__Provided data__
<<<<

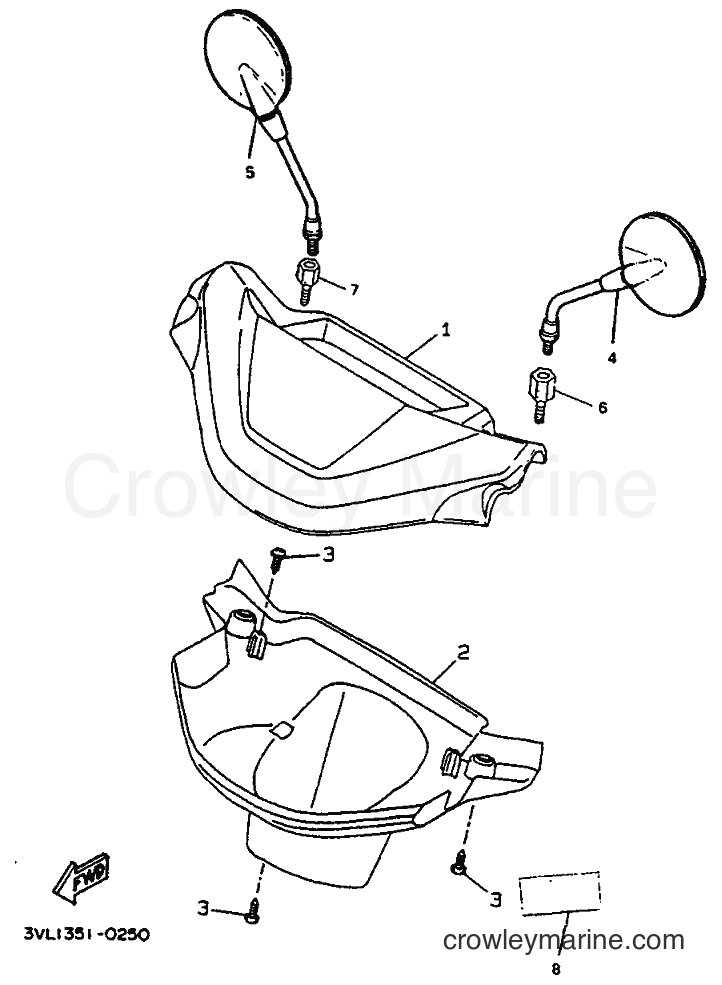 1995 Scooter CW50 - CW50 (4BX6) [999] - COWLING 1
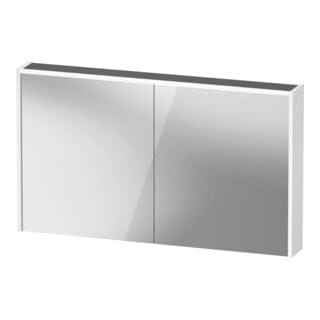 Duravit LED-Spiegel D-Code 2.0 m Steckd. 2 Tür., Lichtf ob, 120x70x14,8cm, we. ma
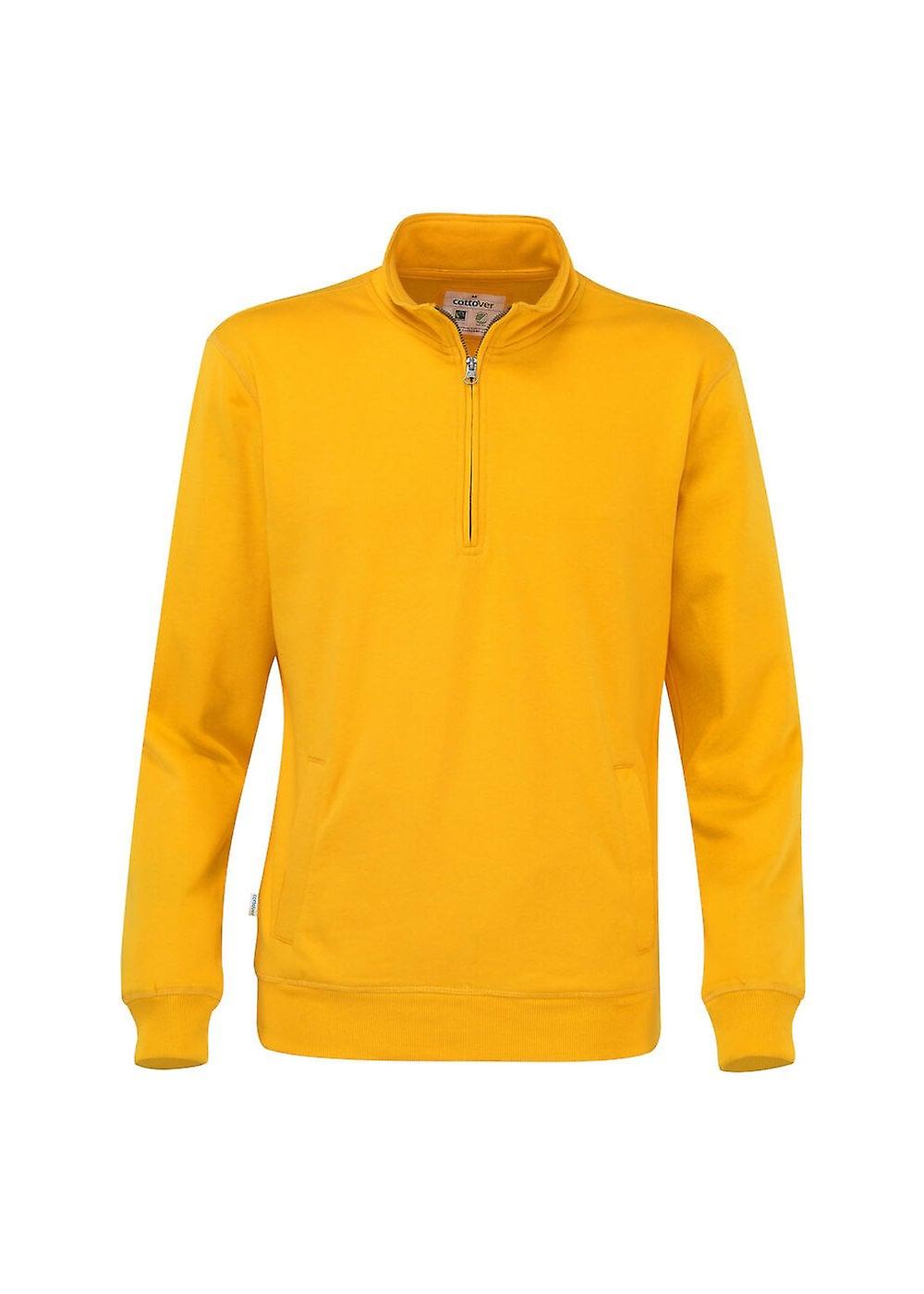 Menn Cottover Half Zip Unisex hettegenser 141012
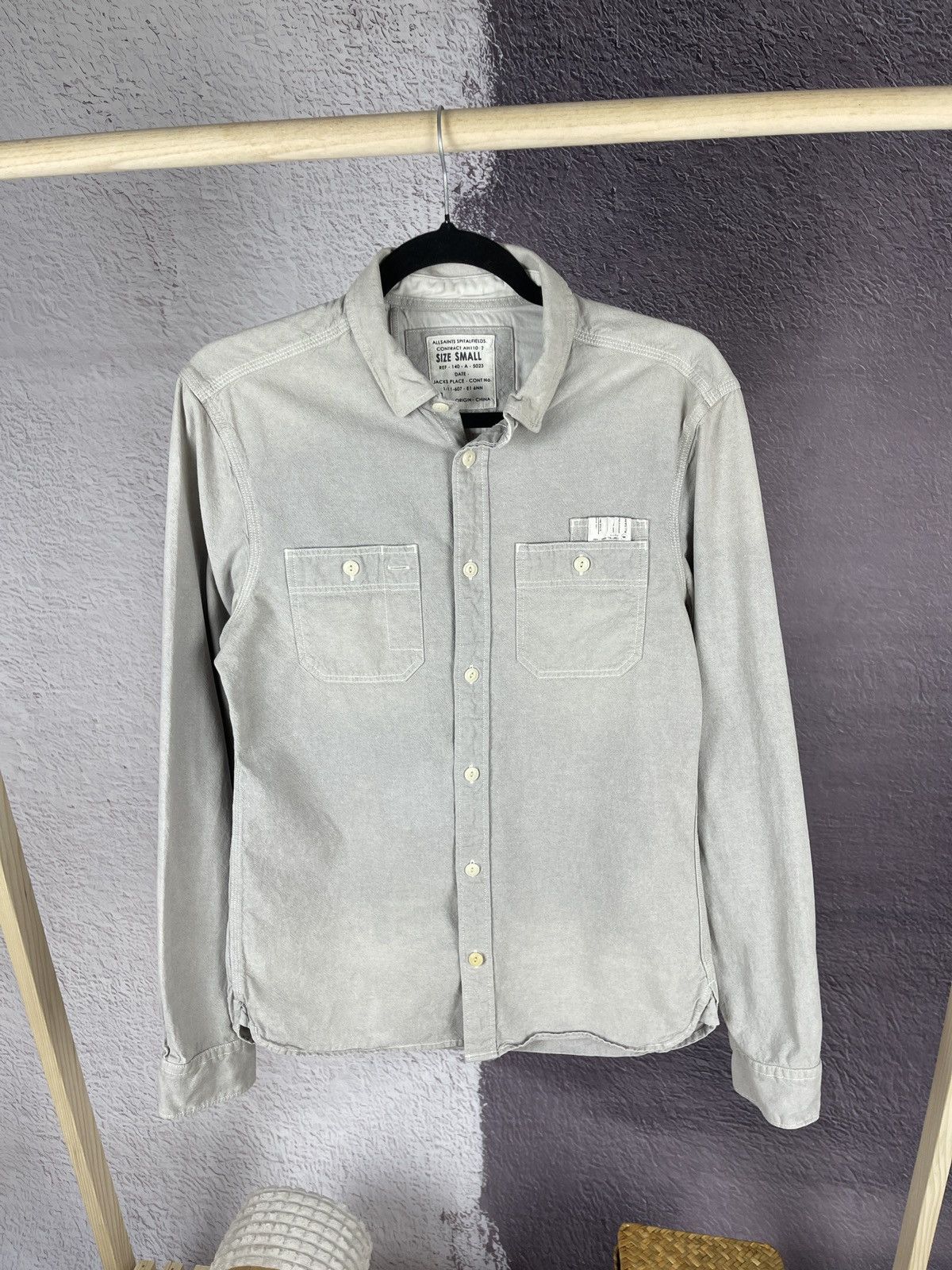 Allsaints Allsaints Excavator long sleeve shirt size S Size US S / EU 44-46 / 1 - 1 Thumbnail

>>>>
<<<<

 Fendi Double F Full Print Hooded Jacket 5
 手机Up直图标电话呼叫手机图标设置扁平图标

>>>>

__Action item__
From the data above, reproduce word for word the lines running from the line with "Fendi Double F Full Print Hooded Jacket 5" to the line with "手机Up直图标电话呼叫手机图标设置扁平图标", ends included.

__Written response__
 Fendi Double F Full Print Hooded Jacket 5
 手机Up直图标电话呼叫手机图标设置扁平图标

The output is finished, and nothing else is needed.